» HOW TO COMPLETE THIS TASK: Reproduce all records exactly.

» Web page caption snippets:
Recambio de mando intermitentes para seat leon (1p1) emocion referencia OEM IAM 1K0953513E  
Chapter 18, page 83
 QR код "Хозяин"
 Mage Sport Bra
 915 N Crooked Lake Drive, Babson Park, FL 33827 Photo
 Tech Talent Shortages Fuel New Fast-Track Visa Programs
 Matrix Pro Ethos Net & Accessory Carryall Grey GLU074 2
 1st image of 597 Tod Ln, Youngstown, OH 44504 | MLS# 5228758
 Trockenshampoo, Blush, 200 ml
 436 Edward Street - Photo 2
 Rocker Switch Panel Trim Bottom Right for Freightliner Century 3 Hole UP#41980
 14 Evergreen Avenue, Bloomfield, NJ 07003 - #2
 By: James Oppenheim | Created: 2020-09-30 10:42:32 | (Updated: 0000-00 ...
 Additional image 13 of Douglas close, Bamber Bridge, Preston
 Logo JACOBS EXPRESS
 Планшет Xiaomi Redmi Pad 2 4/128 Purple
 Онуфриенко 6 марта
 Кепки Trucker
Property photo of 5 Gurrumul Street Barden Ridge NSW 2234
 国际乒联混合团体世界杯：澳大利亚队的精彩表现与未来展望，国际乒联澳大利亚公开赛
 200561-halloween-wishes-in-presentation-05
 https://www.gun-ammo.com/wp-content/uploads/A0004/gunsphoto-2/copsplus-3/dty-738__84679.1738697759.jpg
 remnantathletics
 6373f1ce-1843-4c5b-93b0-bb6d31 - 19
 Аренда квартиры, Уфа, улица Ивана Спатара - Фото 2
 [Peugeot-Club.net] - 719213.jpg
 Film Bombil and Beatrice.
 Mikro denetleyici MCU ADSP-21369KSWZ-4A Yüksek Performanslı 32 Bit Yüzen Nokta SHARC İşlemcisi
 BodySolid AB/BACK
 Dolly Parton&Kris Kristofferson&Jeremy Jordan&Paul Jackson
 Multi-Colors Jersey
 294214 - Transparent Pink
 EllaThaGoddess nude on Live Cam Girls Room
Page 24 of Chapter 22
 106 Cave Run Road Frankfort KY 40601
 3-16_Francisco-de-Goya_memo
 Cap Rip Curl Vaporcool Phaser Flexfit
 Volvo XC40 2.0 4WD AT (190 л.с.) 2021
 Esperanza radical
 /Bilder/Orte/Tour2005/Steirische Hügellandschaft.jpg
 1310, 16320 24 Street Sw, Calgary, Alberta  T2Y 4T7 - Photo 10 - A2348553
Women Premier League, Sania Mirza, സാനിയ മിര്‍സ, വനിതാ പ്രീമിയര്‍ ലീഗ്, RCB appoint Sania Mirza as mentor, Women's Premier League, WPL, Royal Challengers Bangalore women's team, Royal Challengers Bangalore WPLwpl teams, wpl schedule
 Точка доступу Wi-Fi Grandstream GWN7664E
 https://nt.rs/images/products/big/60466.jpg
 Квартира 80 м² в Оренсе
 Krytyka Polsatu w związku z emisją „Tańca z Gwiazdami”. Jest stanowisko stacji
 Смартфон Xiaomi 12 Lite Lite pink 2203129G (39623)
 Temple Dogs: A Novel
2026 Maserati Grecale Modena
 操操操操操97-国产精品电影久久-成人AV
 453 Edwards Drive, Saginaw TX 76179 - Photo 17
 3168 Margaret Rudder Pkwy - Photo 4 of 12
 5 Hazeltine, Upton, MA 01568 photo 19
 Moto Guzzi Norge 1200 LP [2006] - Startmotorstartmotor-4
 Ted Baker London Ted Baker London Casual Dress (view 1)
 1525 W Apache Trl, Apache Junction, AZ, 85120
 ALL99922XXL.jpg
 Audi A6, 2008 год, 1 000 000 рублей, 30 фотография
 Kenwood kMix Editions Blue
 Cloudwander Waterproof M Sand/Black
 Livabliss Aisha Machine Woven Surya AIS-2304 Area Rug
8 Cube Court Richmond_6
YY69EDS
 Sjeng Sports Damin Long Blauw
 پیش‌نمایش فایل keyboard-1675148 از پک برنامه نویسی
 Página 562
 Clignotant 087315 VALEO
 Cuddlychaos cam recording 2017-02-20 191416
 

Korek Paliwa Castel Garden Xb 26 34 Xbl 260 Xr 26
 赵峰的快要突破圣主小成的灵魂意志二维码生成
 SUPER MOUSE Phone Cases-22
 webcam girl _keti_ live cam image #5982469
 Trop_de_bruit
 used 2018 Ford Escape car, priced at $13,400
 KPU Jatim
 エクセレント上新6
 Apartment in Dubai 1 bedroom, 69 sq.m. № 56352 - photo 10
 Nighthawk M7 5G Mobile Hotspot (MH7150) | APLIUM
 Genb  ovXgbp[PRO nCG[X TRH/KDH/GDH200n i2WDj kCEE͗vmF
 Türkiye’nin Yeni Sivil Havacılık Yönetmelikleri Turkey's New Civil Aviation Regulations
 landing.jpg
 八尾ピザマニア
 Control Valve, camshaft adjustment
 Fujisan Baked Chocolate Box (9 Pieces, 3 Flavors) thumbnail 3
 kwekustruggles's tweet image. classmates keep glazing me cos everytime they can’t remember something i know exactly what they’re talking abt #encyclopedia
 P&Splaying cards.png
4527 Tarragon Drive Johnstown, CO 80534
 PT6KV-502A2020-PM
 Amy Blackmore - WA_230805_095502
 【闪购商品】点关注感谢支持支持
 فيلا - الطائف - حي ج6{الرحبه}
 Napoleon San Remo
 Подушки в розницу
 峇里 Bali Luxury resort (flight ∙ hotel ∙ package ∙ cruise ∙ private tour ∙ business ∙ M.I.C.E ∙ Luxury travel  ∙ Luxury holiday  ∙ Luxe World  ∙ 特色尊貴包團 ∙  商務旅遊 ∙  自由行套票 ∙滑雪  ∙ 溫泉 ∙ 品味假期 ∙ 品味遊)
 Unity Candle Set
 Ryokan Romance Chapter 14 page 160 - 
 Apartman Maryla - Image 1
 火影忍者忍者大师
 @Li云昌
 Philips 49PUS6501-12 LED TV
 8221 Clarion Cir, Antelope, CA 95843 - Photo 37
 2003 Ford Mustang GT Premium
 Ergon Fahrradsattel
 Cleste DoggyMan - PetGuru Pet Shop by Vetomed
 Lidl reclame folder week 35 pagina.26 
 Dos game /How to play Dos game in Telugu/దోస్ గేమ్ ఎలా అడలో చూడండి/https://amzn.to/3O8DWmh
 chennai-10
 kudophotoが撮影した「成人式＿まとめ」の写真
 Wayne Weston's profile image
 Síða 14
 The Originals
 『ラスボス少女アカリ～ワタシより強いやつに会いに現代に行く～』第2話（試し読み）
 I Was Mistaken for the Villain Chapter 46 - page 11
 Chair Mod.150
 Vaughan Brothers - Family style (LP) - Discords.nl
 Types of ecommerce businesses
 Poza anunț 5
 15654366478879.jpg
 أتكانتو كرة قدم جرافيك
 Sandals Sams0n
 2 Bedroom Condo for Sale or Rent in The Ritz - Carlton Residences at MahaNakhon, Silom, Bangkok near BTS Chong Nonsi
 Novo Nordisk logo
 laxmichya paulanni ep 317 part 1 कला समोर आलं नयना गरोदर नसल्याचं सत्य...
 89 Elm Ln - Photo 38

» ANSWER TO THE EXERCISE:
Recambio de mando intermitentes para seat leon (1p1) emocion referencia OEM IAM 1K0953513E  
Chapter 18, page 83
 QR код "Хозяин"
 Mage Sport Bra
 915 N Crooked Lake Drive, Babson Park, FL 33827 Photo
 Tech Talent Shortages Fuel New Fast-Track Visa Programs
 Matrix Pro Ethos Net & Accessory Carryall Grey GLU074 2
 1st image of 597 Tod Ln, Youngstown, OH 44504 | MLS# 5228758
 Trockenshampoo, Blush, 200 ml
 436 Edward Street - Photo 2
 Rocker Switch Panel Trim Bottom Right for Freightliner Century 3 Hole UP#41980
 14 Evergreen Avenue, Bloomfield, NJ 07003 - #2
 By: James Oppenheim | Created: 2020-09-30 10:42:32 | (Updated: 0000-00 ...
 Additional image 13 of Douglas close, Bamber Bridge, Preston
 Logo JACOBS EXPRESS
 Планшет Xiaomi Redmi Pad 2 4/128 Purple
 Онуфриенко 6 марта
 Кепки Trucker
Property photo of 5 Gurrumul Street Barden Ridge NSW 2234
 国际乒联混合团体世界杯：澳大利亚队的精彩表现与未来展望，国际乒联澳大利亚公开赛
 200561-halloween-wishes-in-presentation-05
 https://www.gun-ammo.com/wp-content/uploads/A0004/gunsphoto-2/copsplus-3/dty-738__84679.1738697759.jpg
 remnantathletics
 6373f1ce-1843-4c5b-93b0-bb6d31 - 19
 Аренда квартиры, Уфа, улица Ивана Спатара - Фото 2
 [Peugeot-Club.net] - 719213.jpg
 Film Bombil and Beatrice.
 Mikro denetleyici MCU ADSP-21369KSWZ-4A Yüksek Performanslı 32 Bit Yüzen Nokta SHARC İşlemcisi
 BodySolid AB/BACK
 Dolly Parton&Kris Kristofferson&Jeremy Jordan&Paul Jackson
 Multi-Colors Jersey
 294214 - Transparent Pink
 EllaThaGoddess nude on Live Cam Girls Room
Page 24 of Chapter 22
 106 Cave Run Road Frankfort KY 40601
 3-16_Francisco-de-Goya_memo
 Cap Rip Curl Vaporcool Phaser Flexfit
 Volvo XC40 2.0 4WD AT (190 л.с.) 2021
 Esperanza radical
 /Bilder/Orte/Tour2005/Steirische Hügellandschaft.jpg
 1310, 16320 24 Street Sw, Calgary, Alberta  T2Y 4T7 - Photo 10 - A2348553
Women Premier League, Sania Mirza, സാനിയ മിര്‍സ, വനിതാ പ്രീമിയര്‍ ലീഗ്, RCB appoint Sania Mirza as mentor, Women's Premier League, WPL, Royal Challengers Bangalore women's team, Royal Challengers Bangalore WPLwpl teams, wpl schedule
 Точка доступу Wi-Fi Grandstream GWN7664E
 https://nt.rs/images/products/big/60466.jpg
 Квартира 80 м² в Оренсе
 Krytyka Polsatu w związku z emisją „Tańca z Gwiazdami”. Jest stanowisko stacji
 Смартфон Xiaomi 12 Lite Lite pink 2203129G (39623)
 Temple Dogs: A Novel
2026 Maserati Grecale Modena
 操操操操操97-国产精品电影久久-成人AV
 453 Edwards Drive, Saginaw TX 76179 - Photo 17
 3168 Margaret Rudder Pkwy - Photo 4 of 12
 5 Hazeltine, Upton, MA 01568 photo 19
 Moto Guzzi Norge 1200 LP [2006] - Startmotorstartmotor-4
 Ted Baker London Ted Baker London Casual Dress (view 1)
 1525 W Apache Trl, Apache Junction, AZ, 85120
 ALL99922XXL.jpg
 Audi A6, 2008 год, 1 000 000 рублей, 30 фотография
 Kenwood kMix Editions Blue
 Cloudwander Waterproof M Sand/Black
 Livabliss Aisha Machine Woven Surya AIS-2304 Area Rug
8 Cube Court Richmond_6
YY69EDS
 Sjeng Sports Damin Long Blauw
 پیش‌نمایش فایل keyboard-1675148 از پک برنامه نویسی
 Página 562
 Clignotant 087315 VALEO
 Cuddlychaos cam recording 2017-02-20 191416
 

Korek Paliwa Castel Garden Xb 26 34 Xbl 260 Xr 26
 赵峰的快要突破圣主小成的灵魂意志二维码生成
 SUPER MOUSE Phone Cases-22
 webcam girl _keti_ live cam image #5982469
 Trop_de_bruit
 used 2018 Ford Escape car, priced at $13,400
 KPU Jatim
 エクセレント上新6
 Apartment in Dubai 1 bedroom, 69 sq.m. № 56352 - photo 10
 Nighthawk M7 5G Mobile Hotspot (MH7150) | APLIUM
 Genb  ovXgbp[PRO nCG[X TRH/KDH/GDH200n i2WDj kCEE͗vmF
 Türkiye’nin Yeni Sivil Havacılık Yönetmelikleri Turkey's New Civil Aviation Regulations
 landing.jpg
 八尾ピザマニア
 Control Valve, camshaft adjustment
 Fujisan Baked Chocolate Box (9 Pieces, 3 Flavors) thumbnail 3
 kwekustruggles's tweet image. classmates keep glazing me cos everytime they can’t remember something i know exactly what they’re talking abt #encyclopedia
 P&Splaying cards.png
4527 Tarragon Drive Johnstown, CO 80534
 PT6KV-502A2020-PM
 Amy Blackmore - WA_230805_095502
 【闪购商品】点关注感谢支持支持
 فيلا - الطائف - حي ج6{الرحبه}
 Napoleon San Remo
 Подушки в розницу
 峇里 Bali Luxury resort (flight ∙ hotel ∙ package ∙ cruise ∙ private tour ∙ business ∙ M.I.C.E ∙ Luxury travel  ∙ Luxury holiday  ∙ Luxe World  ∙ 特色尊貴包團 ∙  商務旅遊 ∙  自由行套票 ∙滑雪  ∙ 溫泉 ∙ 品味假期 ∙ 品味遊)
 Unity Candle Set
 Ryokan Romance Chapter 14 page 160 - 
 Apartman Maryla - Image 1
 火影忍者忍者大师
 @Li云昌
 Philips 49PUS6501-12 LED TV
 8221 Clarion Cir, Antelope, CA 95843 - Photo 37
 2003 Ford Mustang GT Premium
 Ergon Fahrradsattel
 Cleste DoggyMan - PetGuru Pet Shop by Vetomed
 Lidl reclame folder week 35 pagina.26 
 Dos game /How to play Dos game in Telugu/దోస్ గేమ్ ఎలా అడలో చూడండి/https://amzn.to/3O8DWmh
 chennai-10
 kudophotoが撮影した「成人式＿まとめ」の写真
 Wayne Weston's profile image
 Síða 14
 The Originals
 『ラスボス少女アカリ～ワタシより強いやつに会いに現代に行く～』第2話（試し読み）
 I Was Mistaken for the Villain Chapter 46 - page 11
 Chair Mod.150
 Vaughan Brothers - Family style (LP) - Discords.nl
 Types of ecommerce businesses
 Poza anunț 5
 15654366478879.jpg
 أتكانتو كرة قدم جرافيك
 Sandals Sams0n
 2 Bedroom Condo for Sale or Rent in The Ritz - Carlton Residences at MahaNakhon, Silom, Bangkok near BTS Chong Nonsi
 Novo Nordisk logo
 laxmichya paulanni ep 317 part 1 कला समोर आलं नयना गरोदर नसल्याचं सत्य...
 89 Elm Ln - Photo 38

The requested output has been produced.